DETROIT — Wayne County, Michigan, announced that a pilot program aimed at improving energy use and reducing utility costs at Detroit’s historic Guardian Building took another step forward with the successful installation of its Energy Operation Center. The more than $1 million project, funded by the Korea Micro-Energy Grid (K-MEG) consortium, uses an advanced energy management system to control building operating systems. Along with other capital improvements, it is estimated to save 10 to 15 percent on the Wayne County headquarters building's utility expenses, approximately $200,000 annually, beginning in August 2014.
With the Energy Operation Center installed, K-MEG officials will monitor the systems in the coming weeks and make adjustments as needed before officially calling the work finished. The Guardian Building monitoring is one of three pilot programs in buildings initiated by K-MEG across the United States.
K-MEG, a consortium of 80 Korean companies, constructed the Energy Operation Center to run its various control/automation systems on the 16th floor of the Guardian Building.
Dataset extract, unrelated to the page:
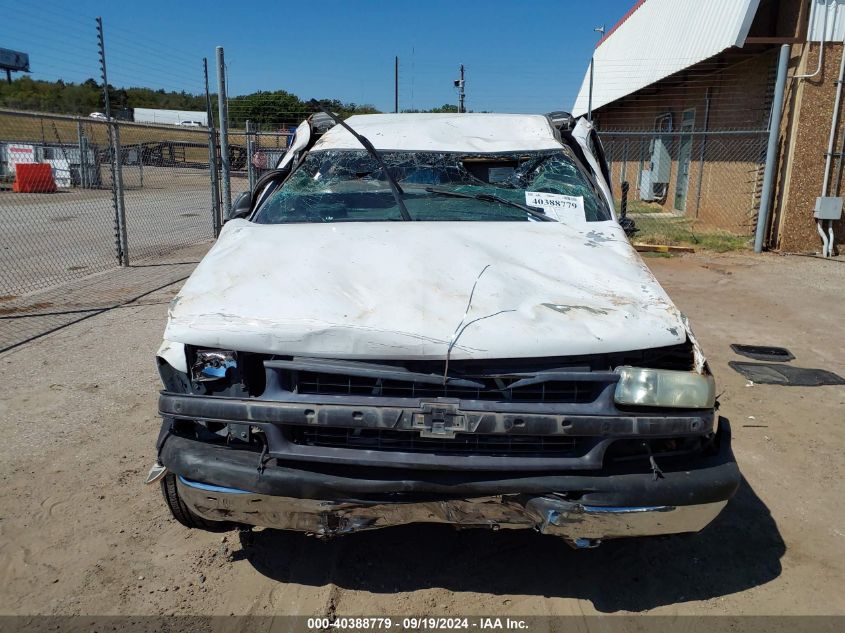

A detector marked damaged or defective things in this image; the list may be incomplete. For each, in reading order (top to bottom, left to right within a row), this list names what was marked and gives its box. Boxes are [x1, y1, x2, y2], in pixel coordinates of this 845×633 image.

shattered windshield [249, 149, 608, 225]
dented hood [165, 221, 684, 360]
wrecked white truck [152, 111, 740, 544]
broken headlight housing [612, 366, 712, 410]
From the center, K-MEG can monitor building energy systems, airflow usage, and utility output in the Guardian Building.
“Wayne County was honored to be part of the pilot program agreement with K-MEG,” said Wayne County Executive Robert Ficano. “The technological enhancements will improve the operational efficiency of the Guardian Building. It’s a win for our general operating budget and the taxpayers in Wayne County. We continue to look for and use the latest technologies, so we can reduce our overhead in the short term, while making us more efficient in the long run.”